* [Aim of the exercise]:
Output a faithful copy of the entries, every picture removed.

(Captioned web image data)
*** Begin section ***

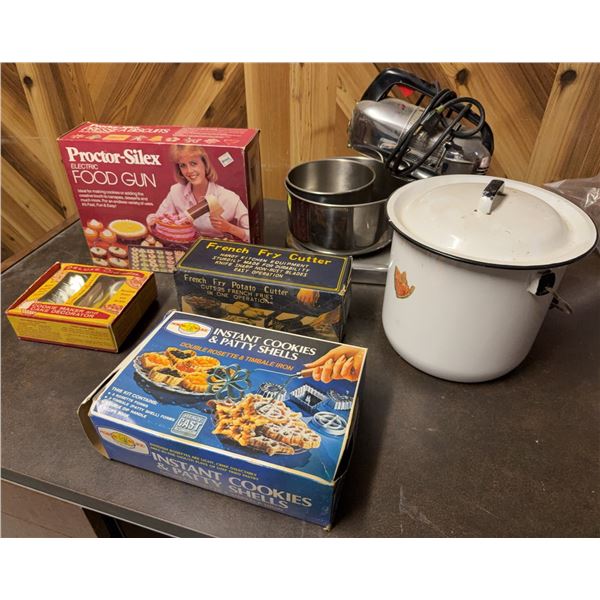 Vintage Kitchen Tools and Stand Mixer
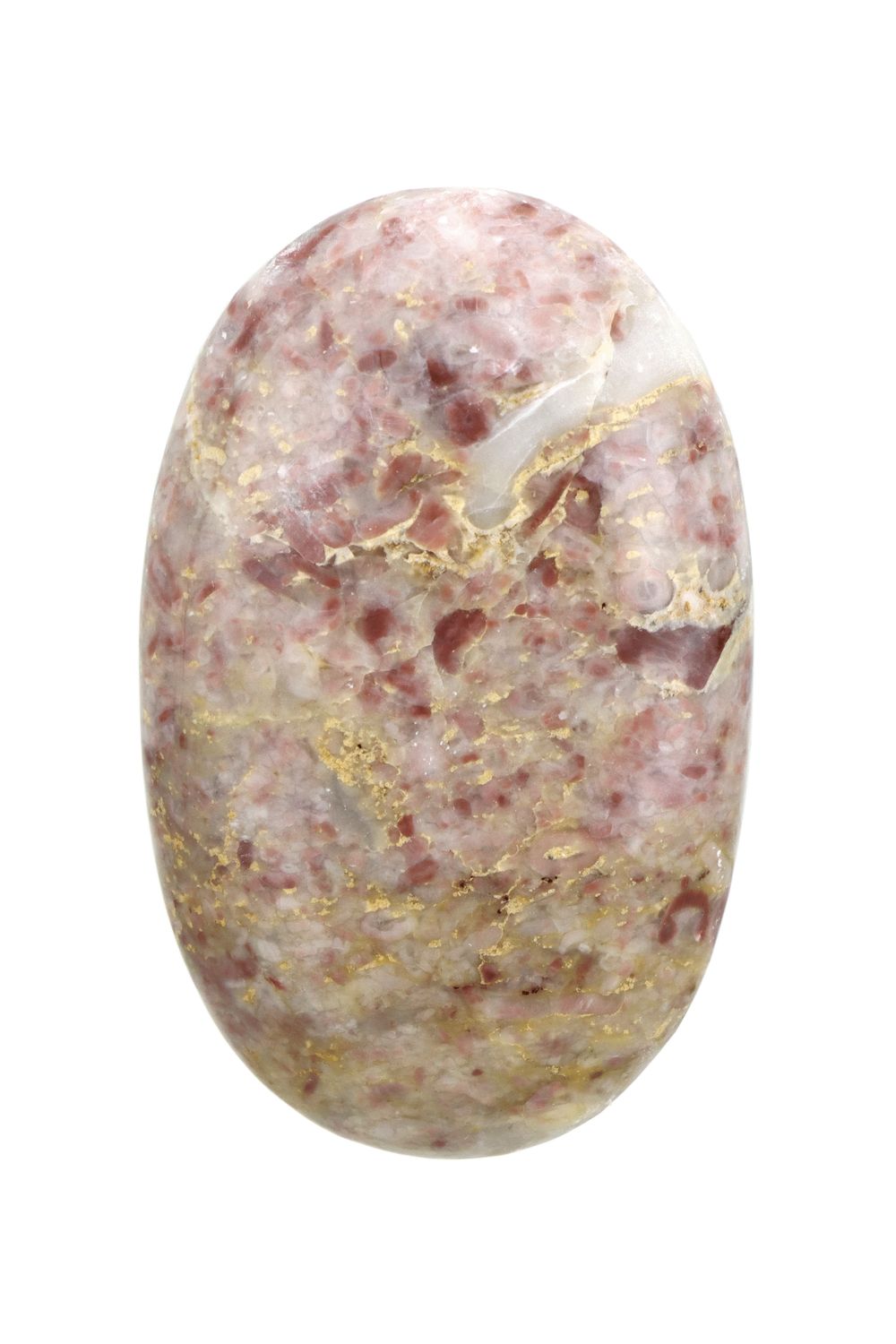 Strawberry Calcite Palm Stone STCP01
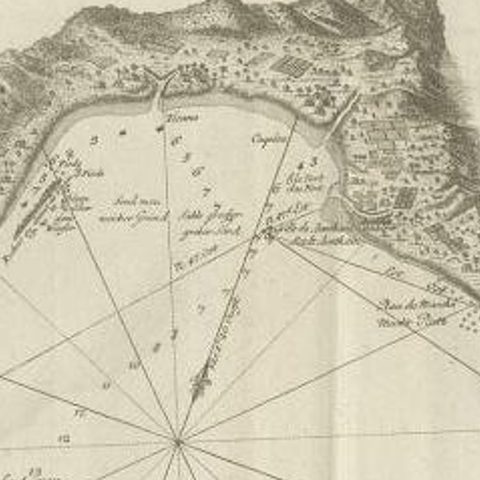 Antique Map of a Bay Nearby Makassar, Celebes 'Sulawesi)' by Hawkesworth, 1774, close-up 2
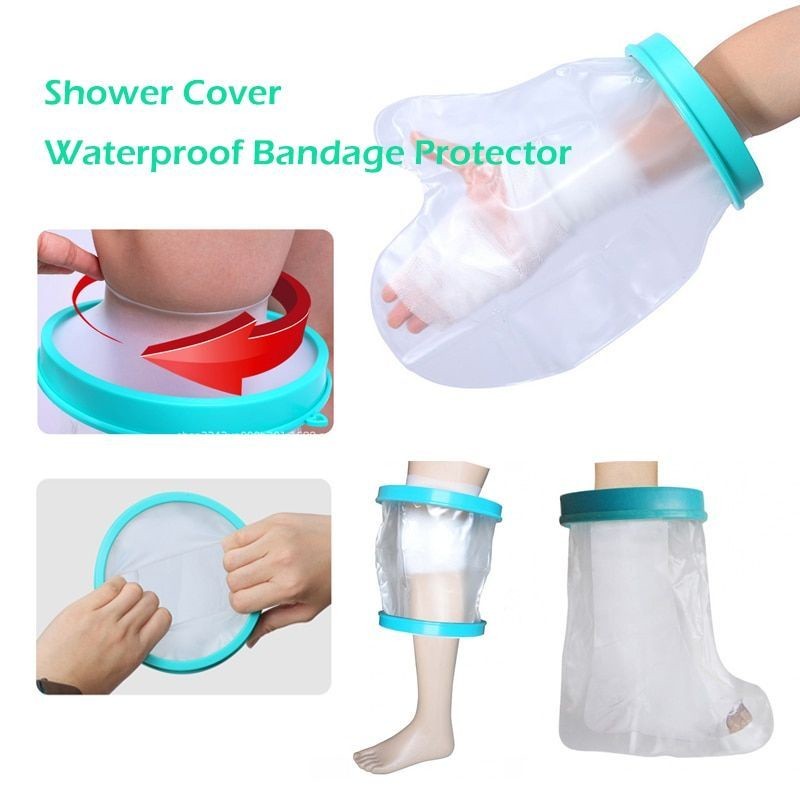 Penutup Luka Anti Air Cover Pelindung Gips Tangan / Kaki / Lutut Dewasa Waterproof Reusable Untuk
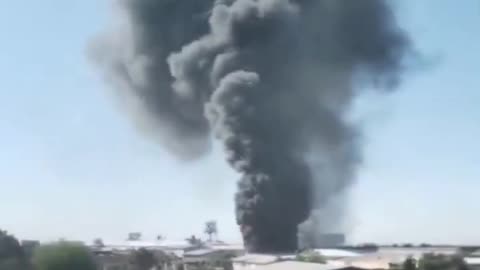 Another fire and explosion has broken out in the northeastern Iranian city of Mashhad.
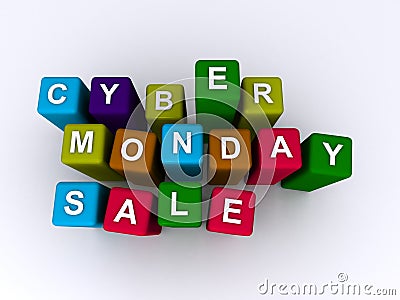 Cyber monday sale Stock Photo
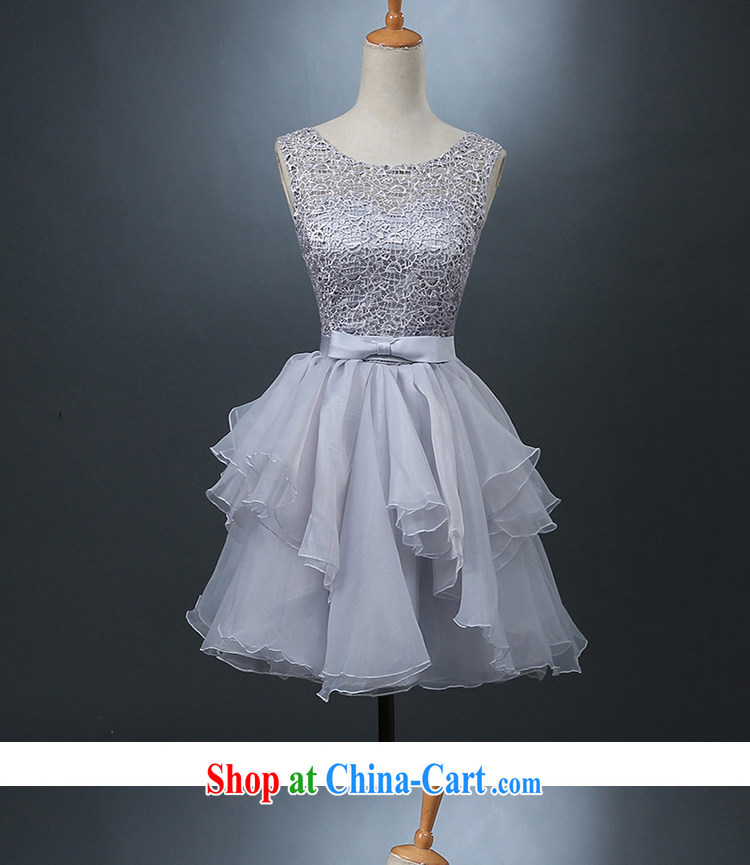 Evening Dress short summer 2015 new wedding dresses gray single shoulder bridesmaid serving small dress banquet evening dress female former short long S pictures, price, brand platters! Elections are good character, the national distribution, so why buy now enjoy more preferential! Health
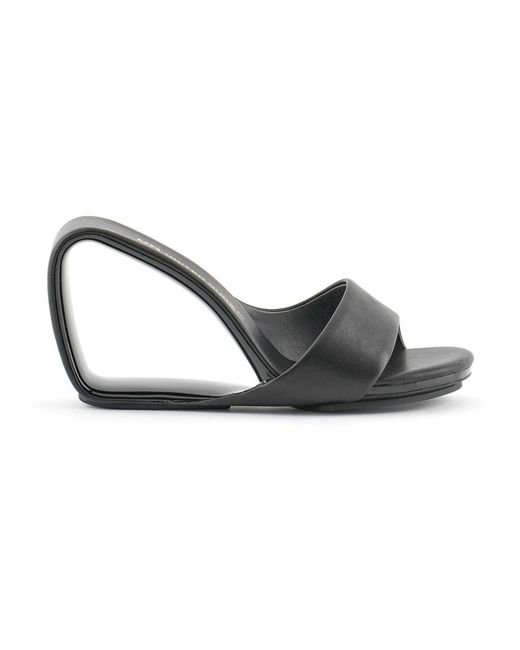United Nude Black Wedges
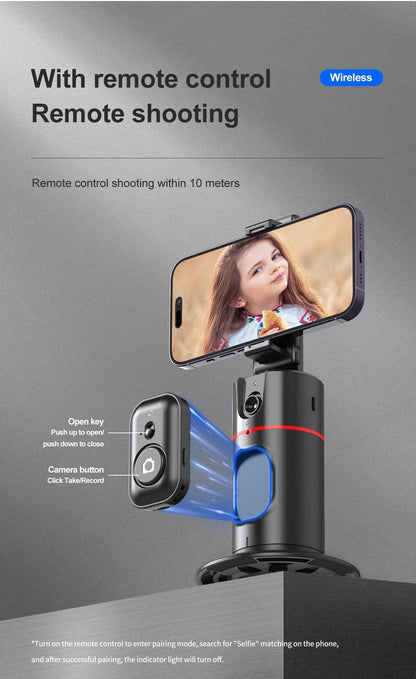 Selfieshow P02 Gimbal 360 Rotation AI Tracking Stabilizer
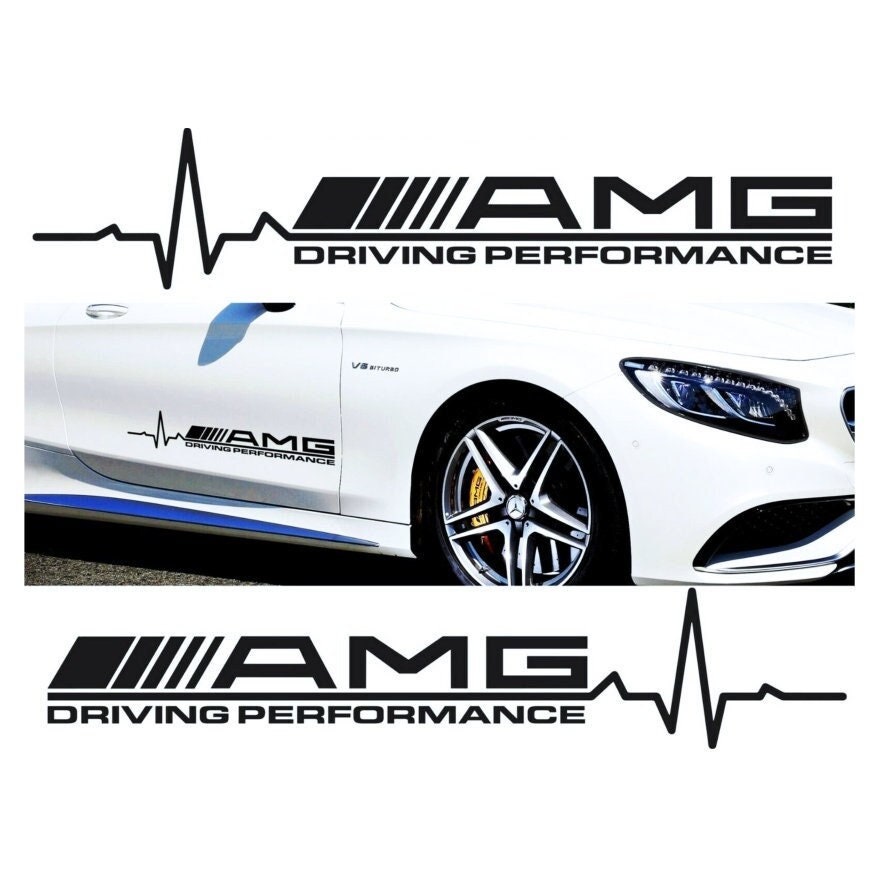 2 Mercedes Benz Motorsport sticker Decal CAR AMG C63 E63 SLK SL6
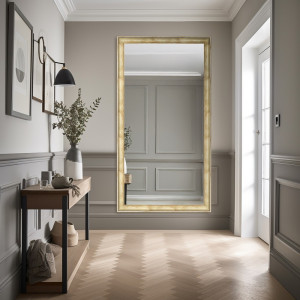 Lustro w złotej drewnianej ramie - 5401008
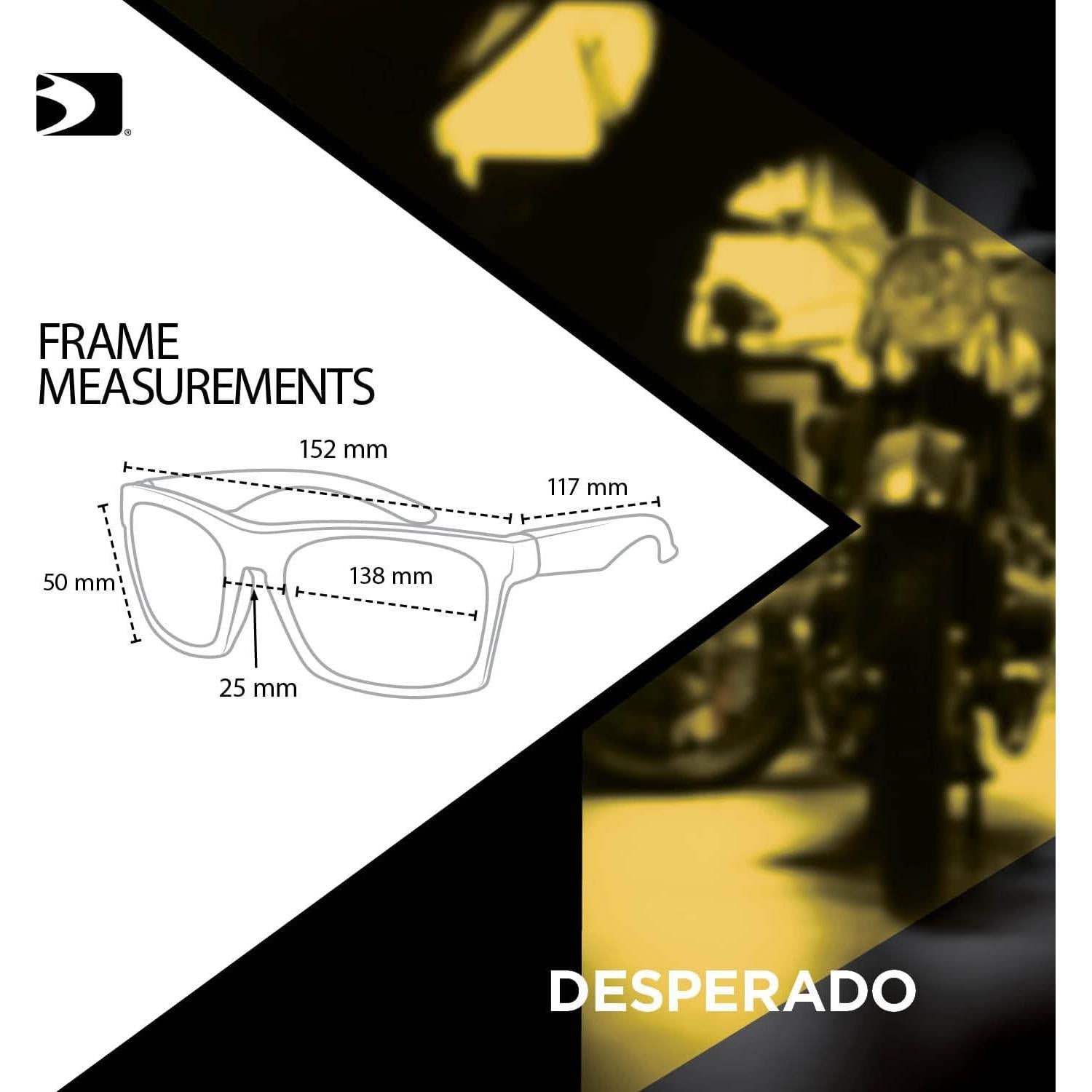 Gafas de Rendimiento Bobster Desperado - Antivaho - Negro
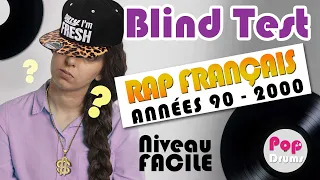 BLIND TEST Rap Français #003 [ Années 90-2000 / Facile ]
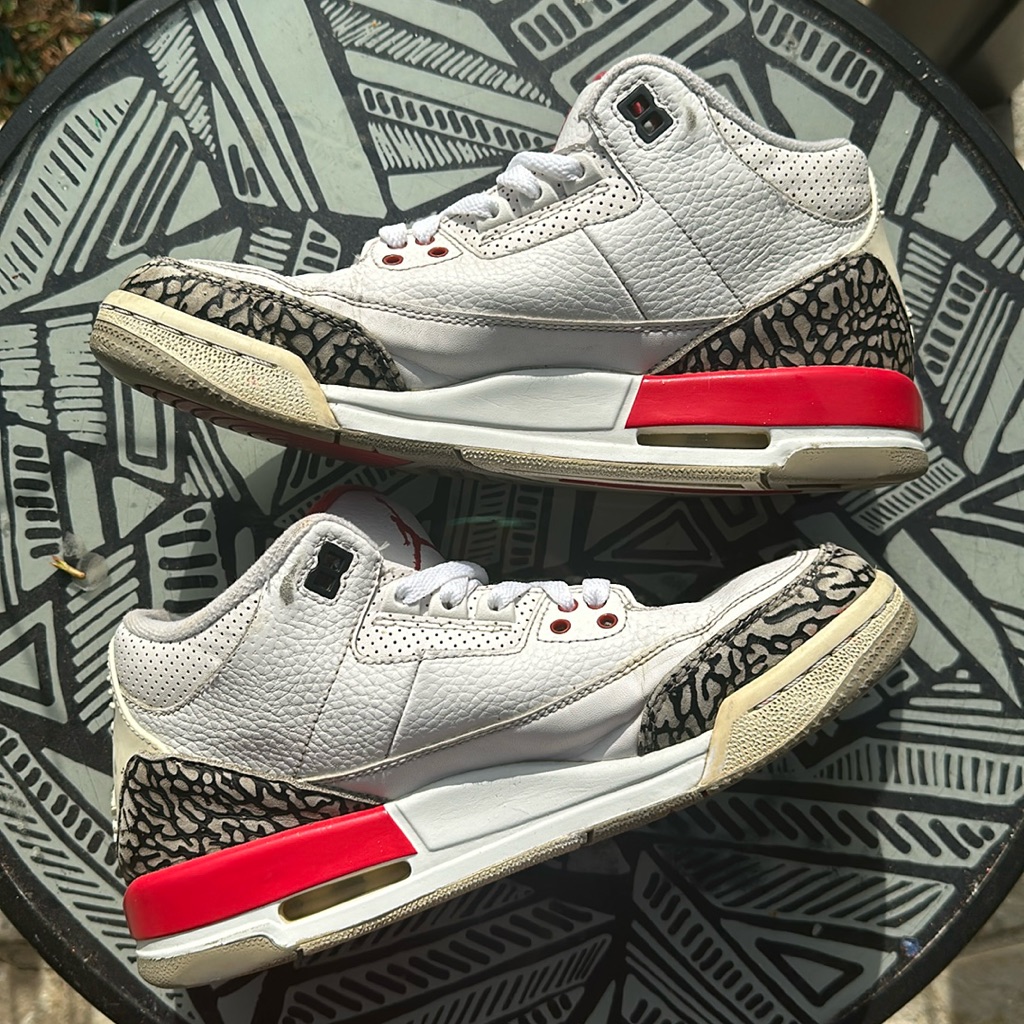 Jordan 3 Hall Of Fame Size 6.5 Youth Or Womens 7.5/8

*** End section ***

* [Output below]:
 Vintage Kitchen Tools and Stand Mixer
 Strawberry Calcite Palm Stone STCP01
 Antique Map of a Bay Nearby Makassar, Celebes 'Sulawesi)' by Hawkesworth, 1774, close-up 2
 Penutup Luka Anti Air Cover Pelindung Gips Tangan / Kaki / Lutut Dewasa Waterproof Reusable Untuk
 Another fire and explosion has broken out in the northeastern Iranian city of Mashhad.
 Cyber monday sale Stock Photo
 Evening Dress short summer 2015 new wedding dresses gray single shoulder bridesmaid serving small dress banquet evening dress female former short long S pictures, price, brand platters! Elections are good character, the national distribution, so why buy now enjoy more preferential! Health
United Nude Black Wedges
 Selfieshow P02 Gimbal 360 Rotation AI Tracking Stabilizer
 2 Mercedes Benz Motorsport sticker Decal CAR AMG C63 E63 SLK SL6
 Lustro w złotej drewnianej ramie - 5401008
 Gafas de Rendimiento Bobster Desperado - Antivaho - Negro
 BLIND TEST Rap Français #003 [ Années 90-2000 / Facile ]
 Jordan 3 Hall Of Fame Size 6.5 Youth Or Womens 7.5/8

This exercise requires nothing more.